KBDH saluta il movimento “Las Tesis”

22 dicembre 2019


Il Movimento Rivoluzionario Riunito delle Donne (KBDH) ha pubblicato una dichiarazione nella quale saluta il movimento globale femminista „Las Tesis.In una dichiarazione scritta Movimento Rivoluzionario Riunito delle Donne (KBDH) armato e attivo in Turchia e in Kurdistan del nord sottolinea la sua solidarietà con il movimento globale „Las Tesis”. „Viviamo in un tempo in cui la lotta comune delle donne non è più un’utopia, ma si rispecchia chiaramente nella realtà. Il patriarcato non ci può più limitare a determinati settori, noi portiamo la resistenza nelle strade e nelle piazze, sulle prime pagine e sulle barricate della resistenza“, sottolinea.

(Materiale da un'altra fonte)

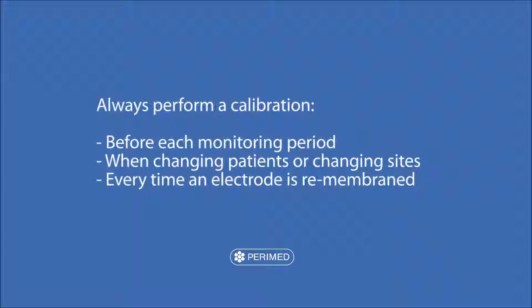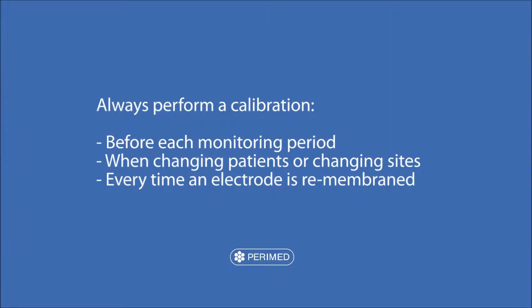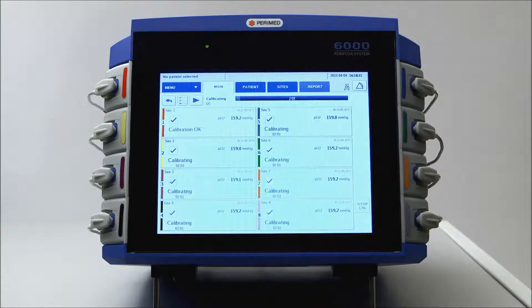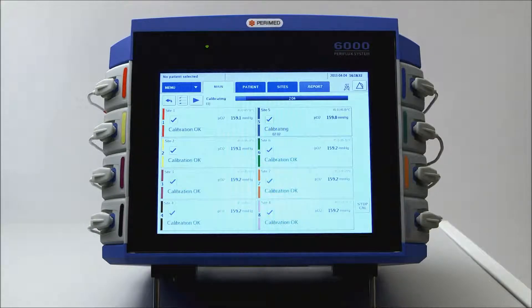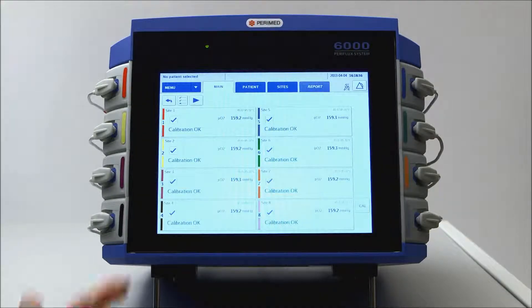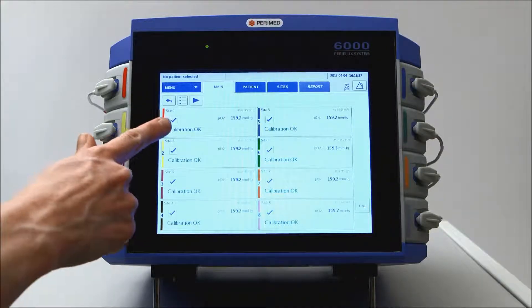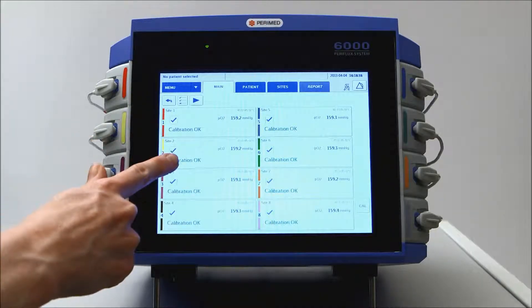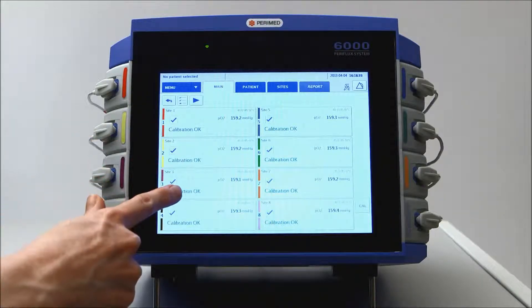You should perform a calibration before each monitoring period, when changing patients or changing sites, and every time an electrode is remembraned. Calibration OK indicates that the electrode is now ready to be placed on the patient.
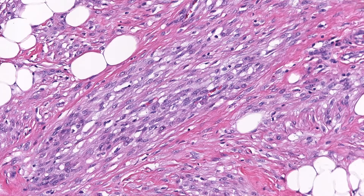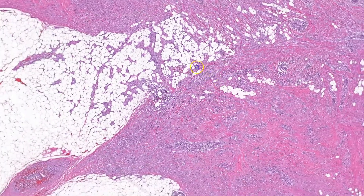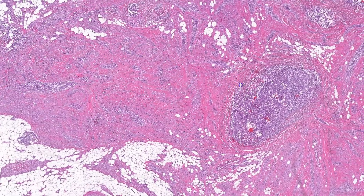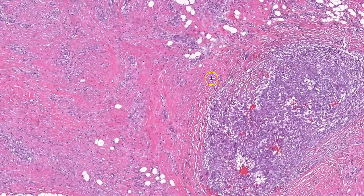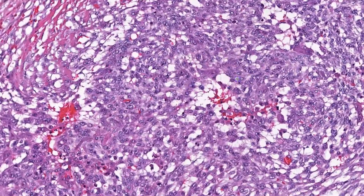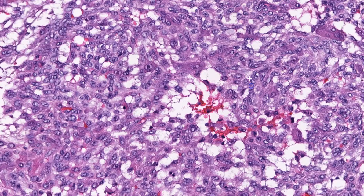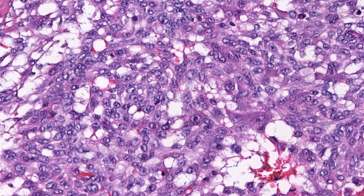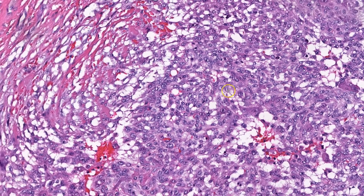The cytoplasm is pale and amphiphilic, and the cell borders are indistinct. In contrast, the nodular component is well-defined and composed of sheets of histiocytoid cells with similar nuclear features as the spindle cells.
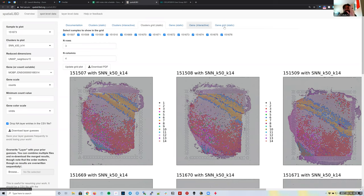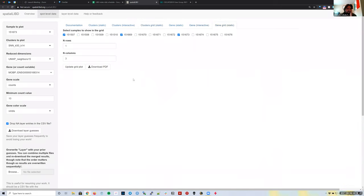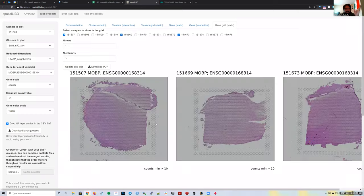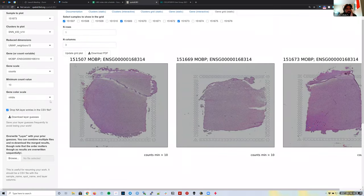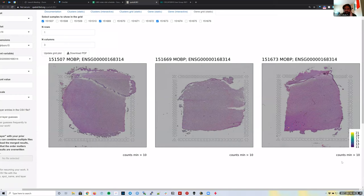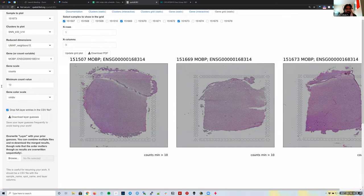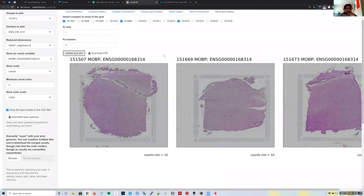Similarly, the Gene Grid Static tab lets you make grid plots for visualizing the expression of a particular gene across samples. I had a minimum threshold of 10 counts set too high — for example, the first two samples don't have 10 counts of MOBP — so I'll reduce it to 5. Just like the regular static tabs, you can download the grid as a PDF.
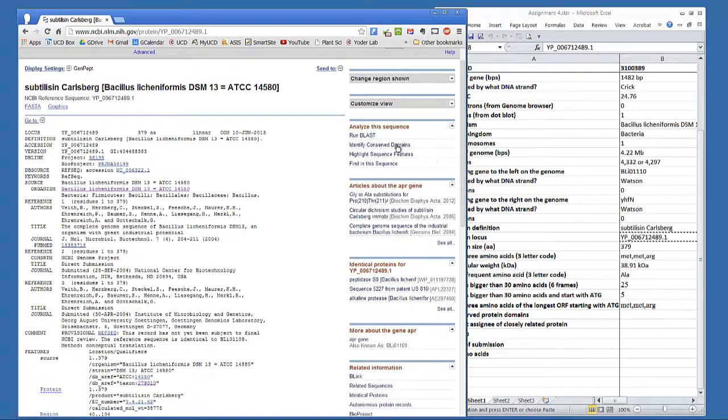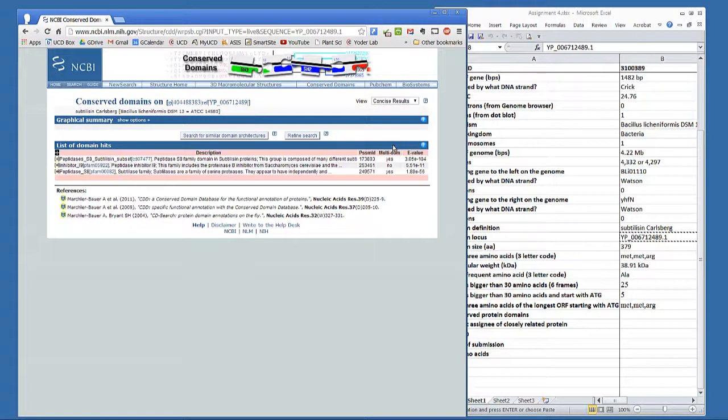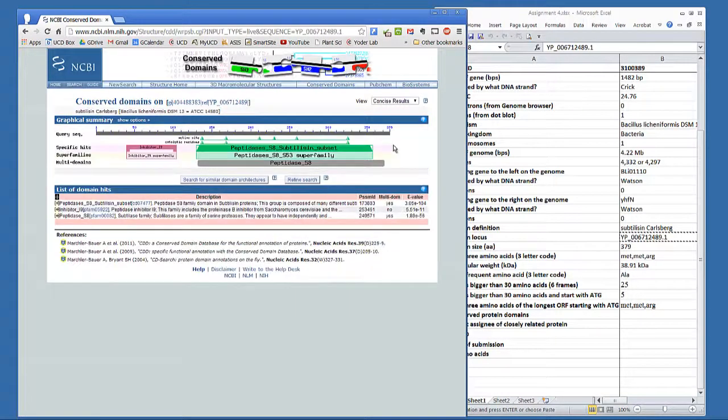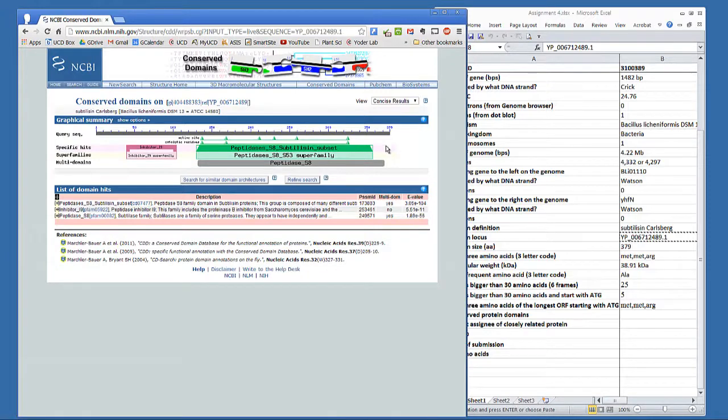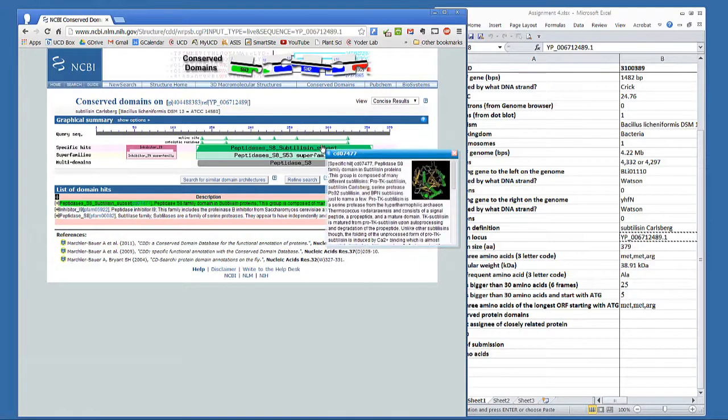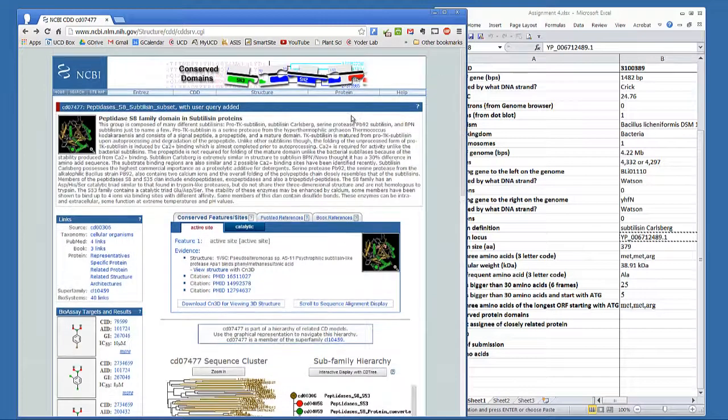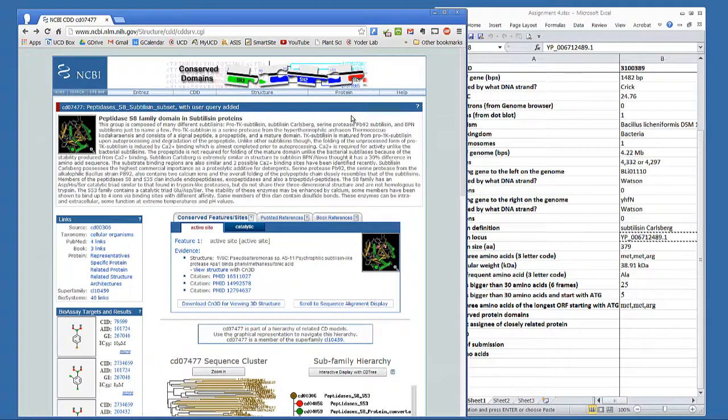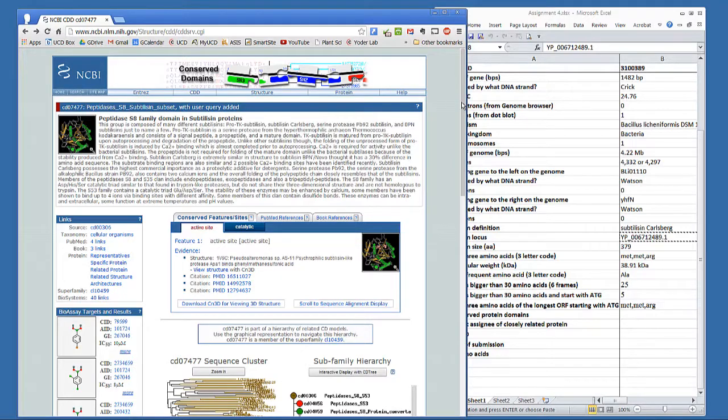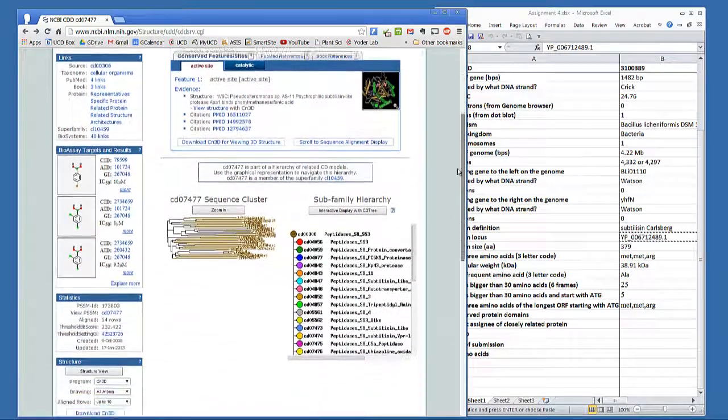Click on the Identify Conserved Domains. This shows protein sequences that are conserved amongst similar enzymes. Click on the domain to learn about its activity. The top line gives the protein domain, and then there's a short description of what that actually does. If you scroll down to the bottom, you'll see different organisms that have that same protein domain.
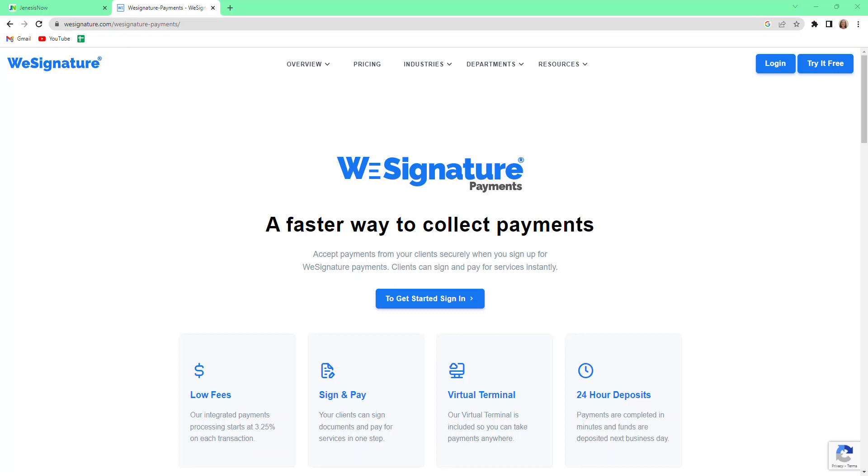In this video, we're going to be discussing WeSignature Payments. WeSignature Payments is a platform that Genesis Now integrates with for credit card processing. If you want the capability at your agency to process credit card payments from inside Genesis Now, WeSignature is one of your integration options.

Nella dichiarazione si afferma inoltre: „Ogni cuore che scende in piazza, ogni slogan contro il patriarcato, ogni striscione, ogni sparo, che sia a casa, in strada, nelle fabbriche, nelle carceri, sul fronte o nelle zone liberate, è espressione della lotta comune delle donne.

Oggi le nostre compagne esprimono la resistenza con la danze nelle piazze e noi come KBDH e come organizzazione di donne evidenziamo che la canzone che cantate accompagna ogni pallottola che spariamo contro il nemico. Accompagnano la vostra danza contro il patriarcato con la nostra danza per la vittoria.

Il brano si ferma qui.